I wish %_rpmincludedir was externaly configurable somehow, e.g. by env variable or cmd line option. Otherwise it will make life harder to SCLs, where everything should go into /opt.

It's a macro. You can --define it to whatever you like.

Oh, yes, probably. But is there way to extend it? E.g.:

$ rpm --define "_rpmconfigdir %{_rpmconfigdir}:foo" -E "%{_rpmconfigdir}"
error: Too many levels of recursion in macro expansion. It is likely caused by recursive macro declaration.

What is the use case anyway? I can imagine using this for including pre-generated changelogs, but again, it would need to be configurable ...

Sorry, I assumed it was kinda obvious: to share whatever common pieces between packages in an ecosystem, to put it broadly. An ecosystem could be a programming language, or extension to a specific program/library, etc. Currently such things are stuffed into macro files in /usr/lib/rpm/macros.d/ but there are various problems with this:

* there's no build-require trace of where those macros come from

* macro files have limitations that spec includes don't (eg conditionals)

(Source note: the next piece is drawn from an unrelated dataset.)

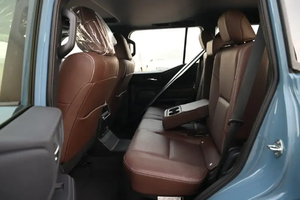 L.C250 Adventure First Edition 2024 Usado en Excelentes Condiciones, 2.4L Turbo, 7 Plazas, Bajo Kilometraje, Sin Problemas Mecánicos, Listo para Conducir - Product Image 2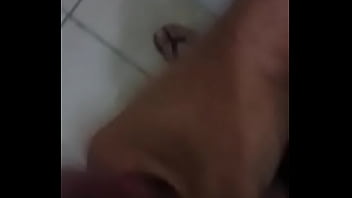 Preview 2 of Hq Porn Gagarina - Dotadao banhando delicia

* those macros are loaded on every single rpm invocation for no good reason

So the idea is that, say, Python 3 package on a distro would do something like
%include <python3.inc>
...which will automatically create a build-dependency on the path where that file comes from - presumably python3-devel. And even if we skipped the automatic dependency, it creates a strong trace as to what macros this package needs. Much more so than the current automatically loaded stuff does.

That makes sense. But while "those macros are loaded on every single rpm invocation for no good reason", then every Python .spec file would need to have this include. It is not necessarily wrong ...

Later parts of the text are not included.